RECORD SET:

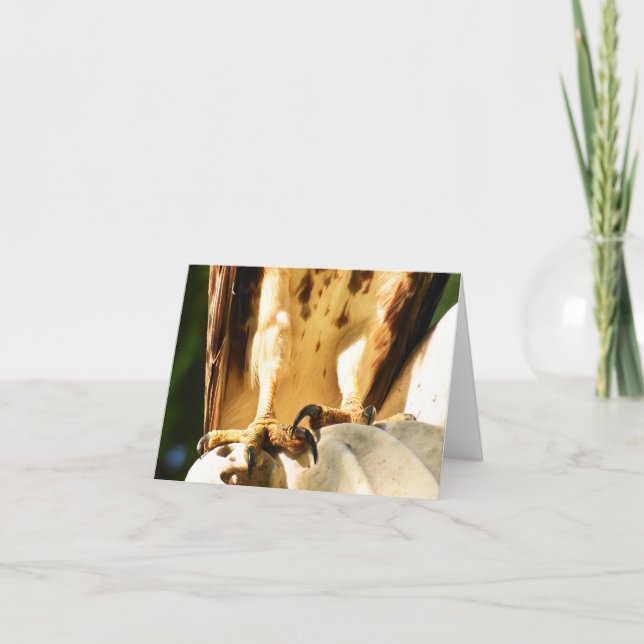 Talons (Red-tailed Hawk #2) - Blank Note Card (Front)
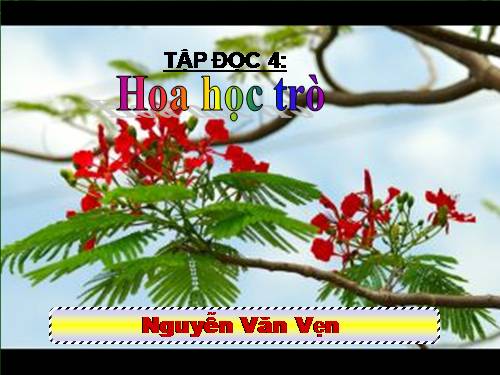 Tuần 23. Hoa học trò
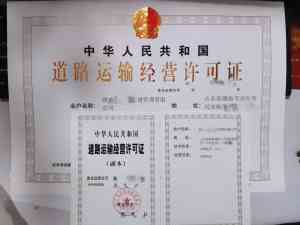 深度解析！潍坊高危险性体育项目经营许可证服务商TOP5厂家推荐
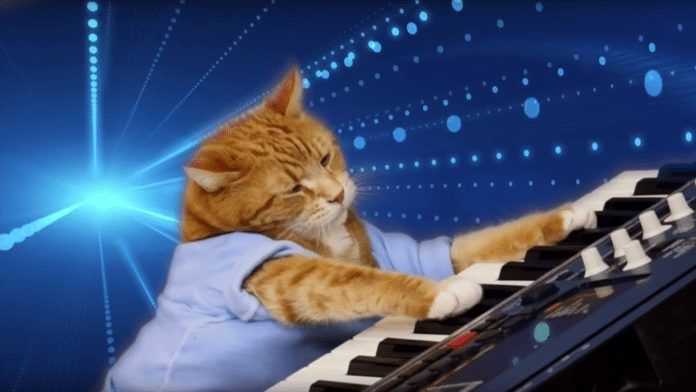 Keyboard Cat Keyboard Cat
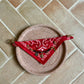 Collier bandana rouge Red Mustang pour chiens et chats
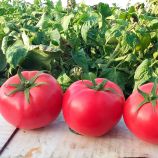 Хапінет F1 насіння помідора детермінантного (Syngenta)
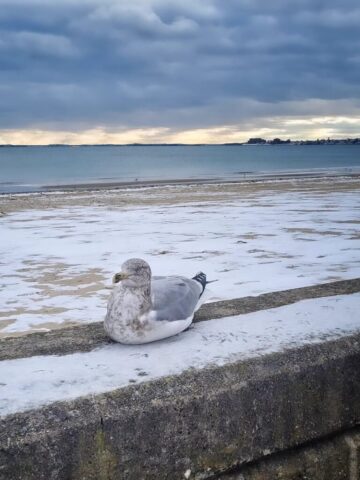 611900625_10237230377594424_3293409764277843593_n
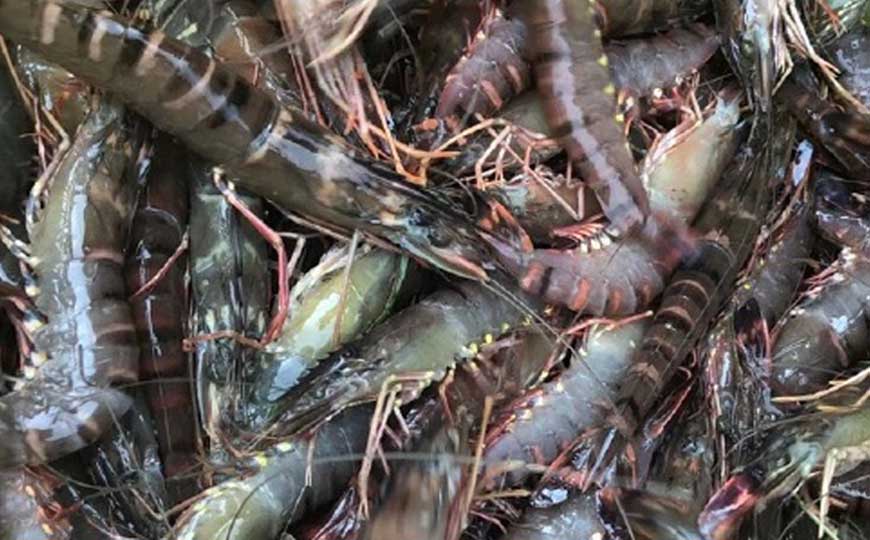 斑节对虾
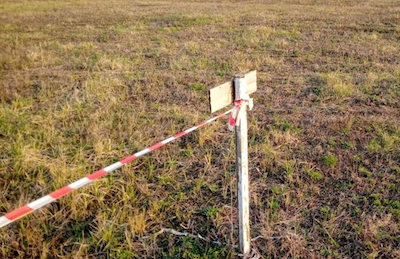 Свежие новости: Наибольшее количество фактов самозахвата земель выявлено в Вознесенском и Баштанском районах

EXERCISE DESCRIPTION:
Write out the material above precisely, leaving each picture behind.

RESULT BELOW:
 Talons (Red-tailed Hawk #2) - Blank Note Card (Front)
 Tuần 23. Hoa học trò
 深度解析！潍坊高危险性体育项目经营许可证服务商TOP5厂家推荐
 Keyboard Cat Keyboard Cat
 Collier bandana rouge Red Mustang pour chiens et chats
 Хапінет F1 насіння помідора детермінантного (Syngenta)
 611900625_10237230377594424_3293409764277843593_n
 斑节对虾
 Свежие новости: Наибольшее количество фактов самозахвата земель выявлено в Вознесенском и Баштанском районах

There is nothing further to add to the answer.